Ghrelin Cellular Resistance Study in Adolescents With Idiopathic Scoliosis

Status
Completed
Phase
N/A
Study type
Interventional
Enrollment
45 (actual)
Sponsor
University Hospital, Toulouse · Academic / Other
Sex
All
Age
12 Years – 15 Years
Healthy volunteers
Not accepted

Summary

Adolescent idiopathic Scoliosis (AIS) is the most common spine pathology. It is opposed to secondary scoliosis due to chronic diseases. Many hypotheses have been made to elucidate the origin of this illness. Recently, the melatonin pathway has been investigated as pinealectomy of the chicken creates a scoliosis that resembles AIS and melatonin supplementation reverses the process. In addition administration of melatonin to AIS patients improved the pathology. However this hypothesis has shown controversial results. Recent studies have demonstrated melatonin cellular resistance in osteoblastic cells from AIS patients.

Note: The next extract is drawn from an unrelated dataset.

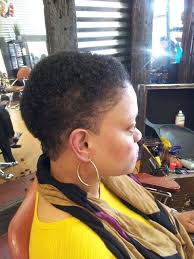 Why does the bible speak against braided hair?. Da Notty Roots Va Curls Understood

Melatonin acts through G protein coupled receptor (GPCR), mainly using the Gi pathway. In AIS osteoblasts, this pathway is blocked leading to a decrease in the inactivation of the adenylyl cyclase and therefore maintenance of high level of cyclic adenosine monophosphate (cAMP) concentrations in the cells. As modulation of cAMP is important for osteogenesis such resistance may be critical for the initiation or the development of AIS. Gi signalization is used by several other GPCR, thus, this hormonal resistance could logically be found in other hormonal or mediator pathways. A precedent study previously focused on ghrelin in AIS, and demonstrated that AIS patients possess elevated plasmatic values of ghrelin. This study also observed decreased response to ghrelin in AIS cultures osteoblasts.

Conditions

Interventions

TypeNameDescription
BIOLOGICALOsteoblast sampleculture osteoblasts obtained from vertebrae fragments from 30 patients with AIS and from 10 control patients with secondary scoliosis

Timeline

Start date
2010-03-01
Primary completion
2012-07-01
Completion
2012-07-01
First posted
2016-07-12
Last updated
2017-05-12

Locations

1 site across 1 country: France

Source: ClinicalTrials.gov record NCT02829476. Inclusion in this directory is not an endorsement.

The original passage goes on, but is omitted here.